Władze Grecji poinformowały we wtorek rano, że płynący pod banderą Mołdawii statek nadał sygnał SOS. Po zapewnieniach kapitana, że sytuacja jest pod kontrolą, ruszył dalej. Na pokład weszli jednak funkcjonariusze włoskiej straży przybrzeżnej, którzy mają sprawdzić stan techniczny jednostki.

Blue Sky M znajdował się w pobliżu greckiej wyspy Korfu, gdy służby otrzymały sygnał alarmowy. Grecka telewizja SKAI poinformowała, że jednostka mogła przewozić nawet 700 osób, w tym imigrantów o nieuregulowanym statusie. Według tego źródła, na pokładzie miały znajdować się uzbrojone osoby, jednak nie zostało to oficjalnie potwierdzone.

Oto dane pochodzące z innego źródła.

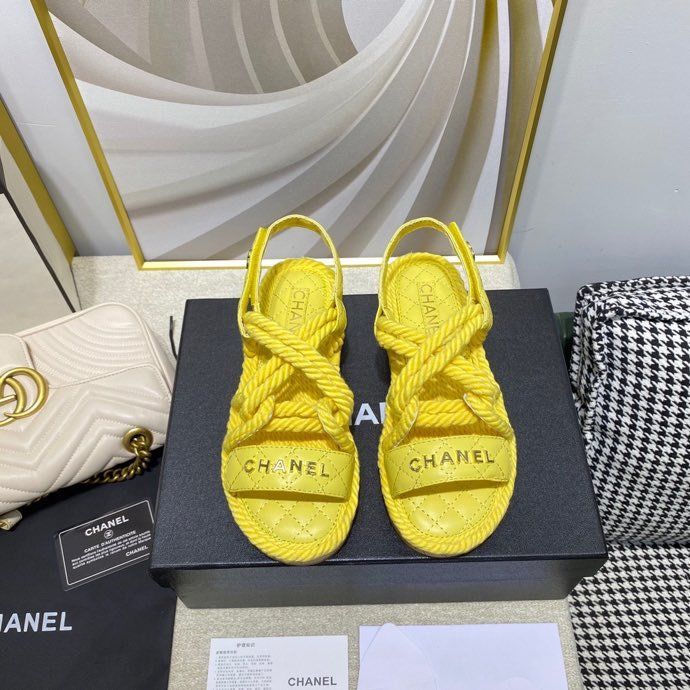 Chanel shoes CH00207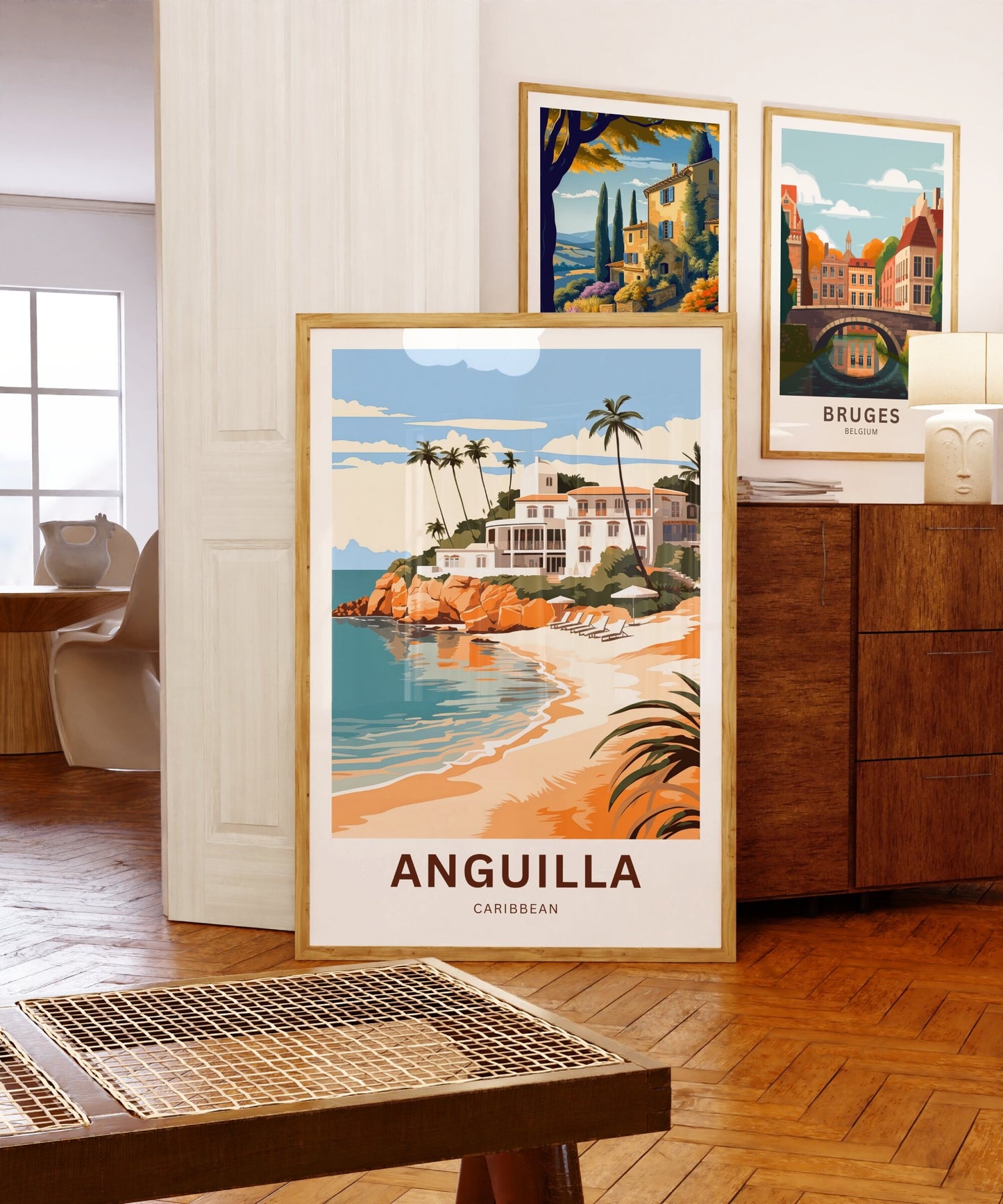 Anguilla Travel Poster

W miejsce, w którym znajdował się statek zostały wysłane jednostki greckiej marynarki, straży przybrzeżnej oraz śmigłowiec. Ostatecznie Blue Sky M ruszył w dalszą drogę do Włoch po zapewnieniach kapitana, że sytuacja jest opanowana.

Imigranci płyną do Włoch?

Pojawiły się doniesienia, że cała sytuacja może mieć związek z procederem przemytu ludzi.

Po informacjach o sygnale alarmowym wysłanym przez Blue Sky M na pomoc ruszył również śmigłowiec włoskich sił powietrznych z bazy w Gioia del Colle. Na pokładzie znajdowali się funkcjonariusze straży przybrzeżnej, którzy weszli na Blue Sky M, aby sprawdzić stan techniczny jednostki.

Jak podaje "Corriere della Serra", znajdujący się na statku imigranci to Syryjczycy.

Włochy i Grecja odnotowały w tym roku rekordowy napływ imigrantów o nieuregulowanym statusie, którzy usiłowali dostać się do Europy drogą morską. Uciekający z Bliskiego Wschodu czy Afryki ludzie decydują się często na niebezpieczną podróż, którą wielu z nich przypłaca życiem.